All 4 steps completed successfully, but with an engineering workaround for the attachment:

  1. Weather data — Retrieved via Open-Meteo API (temperature, humidity, wind, condition).
  2. Bulgarian description — "Малка облачност (weathercode 2)" — functional description.
  3. Markdown file — Created with correct structure.
  4. Email — Couldn't attach the file using native tools (himalaya/gog). Instead of asking the user or giving up, wrote a Python script (send_email_with_attachment.py) to handle SMTP with attachment. Email sent successfully with the file attached.

Notable behavior

  • Engineering problem-solving — When native tools failed, Sonnet didn't ask for help or report failure. It wrote a custom script and solved the problem.

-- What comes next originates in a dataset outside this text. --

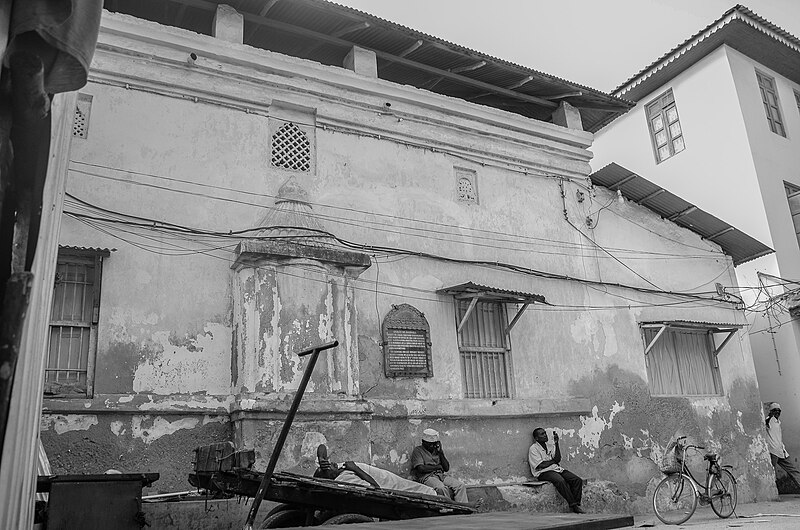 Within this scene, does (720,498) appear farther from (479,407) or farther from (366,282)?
(366,282)

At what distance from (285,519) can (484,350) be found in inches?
172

This is a distinctly "Sonnet" behavior — creative, autonomous, slightly over-engineered.
  • Showed reasoning process during execution — transparent about what it was doing.
  • Zero user interventions — fully autonomous.
  • Created a reusable script as a side effect — potentially useful for future tasks.
  • The script remained in the workspace and may have been used by Opus 4.5 in the subsequent test (sessions were not filesystem-isolated).

Trade-offs

  • Cost: $0.30 for a single task — roughly 6x what Haiku costs, though Haiku failed the task.
  • Approach: Writing a custom Python script is resourceful but inefficient compared to MiniMax and Kimi which used native tools directly. It also introduces a dependency (SMTP credentials, Python environment) that native tools don't have.

Verdict

Classic Sonnet behavior: when the straightforward path doesn't work, engineer around it. The task was completed fully — email with attachment delivered — but the method was heavier than necessary. For a one-off task this is fine; for a repeatable agent workflow, you'd want native tool support. Still, zero user interventions and a working result puts it well ahead of models that simply failed.